Ныне популярно выражение «выжать из себя раба». Это и оправданно, и актуально. Но какого раба? Раба страха? Догм? Бездушных порядков? Все так, но остается вопрос, подлежащий ответу: не осознав своего рабства, нельзя выжать из себя раба. Освободиться от порабощенности внешними обстоятельствами еще не значит стать свободным, не значит осознать своего рабства до конца. Пребывать в рабстве у самого себя – ситуация всеобщая и только ограниченно преодолимая. В нравственном отношении эта ситуация «рабства греху», как это дано в христианстве. Это путь совершенствования, ориентированный на абсолют, возводящий к нему через конечные определения, всеконечности не достигающий, что во благо – абсолют, если угодно, божественен, сочеловечен, но не человечен. Путь восхождения к абсолюту для человека и необходим, и достаточен. Что не менее важно, он доступен сознанию и его контролю. На путях преодоления рабства самому себе встречаются преграды и посложнее. Не все силы, действующие в сознании, поддаются осознанию. Осознание есть развивающееся сознание. На путях развития сознания складываются стереотипы – устойчивые системы мышления и поведения, действующие в автоматическом режиме. Они не суть продукты знания, добытые личным опытом индивида, а транслируемые из рода в род продукты коллективного сознания. Продуктивные для времени, которое и является их временем, они за его порогом могут действовать деструктивно, в лучшем случае пробуксовывают. Будучи стереотипами, они требуют творческого усилия, чтобы быть предъявленными сознанию, критическому переосмыслению. Вышеизложенное может служить хотя бы частичным ответом на вопрос, поставленный Б. Л. Пастернаком: «Меня с детства удивляла эта страсть большинства быть в каком-нибудь отношении типическими, обязательно представлять какой-нибудь разряд или категорию, а не быть собою. Откуда это, такое сильное в наше время поклонение типичности?». Это из письма Пастернака Шаламову в 1954 году. Вопрос Пастернака вводит мои размышления в наши времена. А что значит быть порабощенным типическим, следует из слов Пастернака: «Как не понимают, что типичность – это утрата души и лица, гибель судьбы и имени». Емче и четче не скажешь.
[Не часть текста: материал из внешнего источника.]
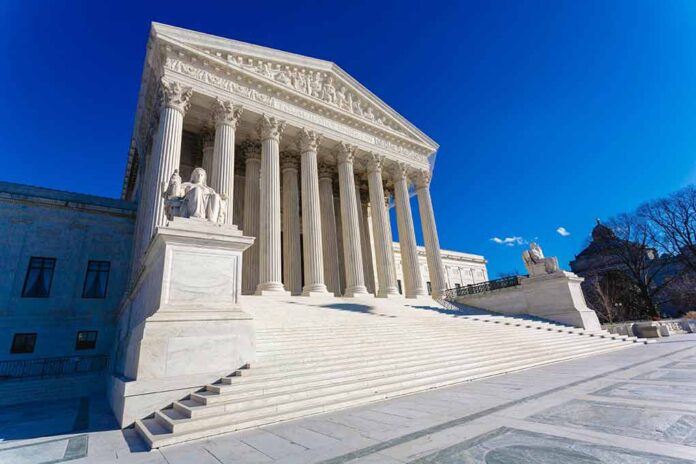 Supreme Court building with columns and statues.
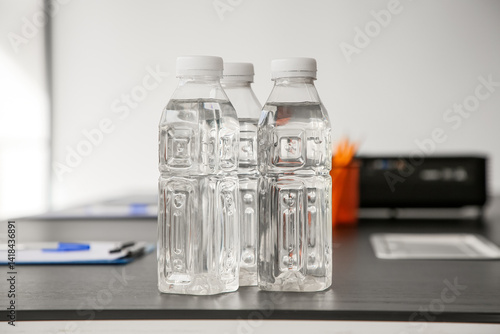 Bottles of water on table i...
Заряженная творческой энергией мысль, ценная сама по себе, что первостепенно, обладает и свойством как бы своего продолжения в раздумьях о ней, «освежая памятное», как писал мне Пастернак 12 мая 1956 года.
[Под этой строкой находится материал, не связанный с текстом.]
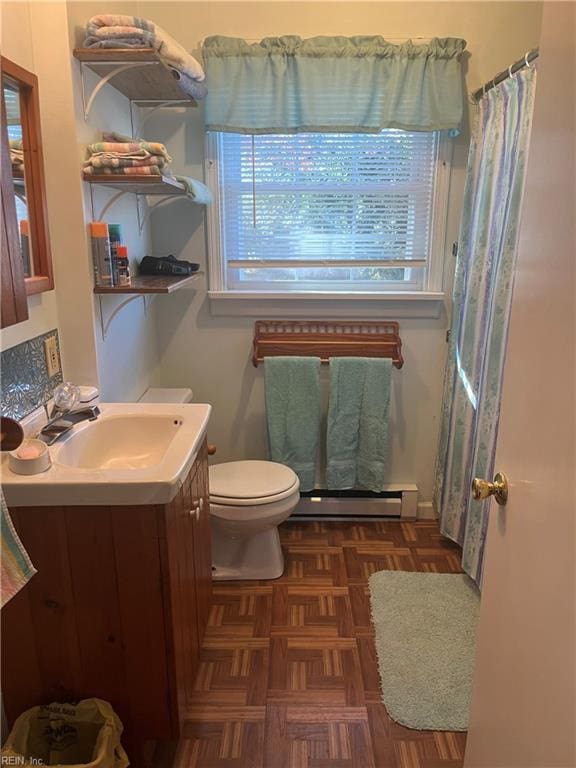 bathroom featuring parquet floors, toilet, baseboard heating, and a healthy amount of sunlight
Поздним летом 1946 года Наташа и я отдыхали в подмосковном санатории Академии наук «Болшево». Мы познакомились там с математиком академиком Николаем Николаевичем Лузиным. Знали, что он крупный ученый, основоположник одной из советских математических школ, и держались на почтительном расстоянии от него, вместе с тем заинтересованно, как с «достопримечательностью» в окружавшем нас обществе отдыхающих. Лет ему было в то время под 60, может быть, и несколькими годами больше, и нам, тридцатилетним, он на первый взгляд представлялся старым. На первый взгляд. Он был подвижный, оживленно беседовал со знакомыми, легко и быстро поднимался по лестнице. Не прочь был чуть игриво пошутить с молодыми сестрами, обслуживавшими санаторий. Достопримечательны были его вежливая предупредительность, обходительность, то, что прежде называли галантностью, постепенно сходившей на нет уже в нашем с Наташей поколении. Вот со второго этажа спускается молодая горничная с пустым подносом, а Николай Николаевич, встретив ее на лестнице, прижимается как можно ближе к стенке, чтобы ее пропустить. Кто-то нас с ним познакомил, и в разговоре я не удержался погордиться тем, что прихожусь родственником (во втором поколении) Герману Минковскому, математику, создавшему так называемый пространственно-временной мир, за которым утвердилось именование «пространство Минковского» (в некоторых письмах из норильских лагерей я пользуюсь именем Минковского как своим псевдонимом). Никаких математических склонностей от своего знаменитого предка я не унаследовал, а поскольку разговоры были непринужденными, то пошутил, что, имея самые смутные представления о мире четырехмерном, хорошо постиг мир одиночно-камерный в Большом доме на Литейном в 1936 году.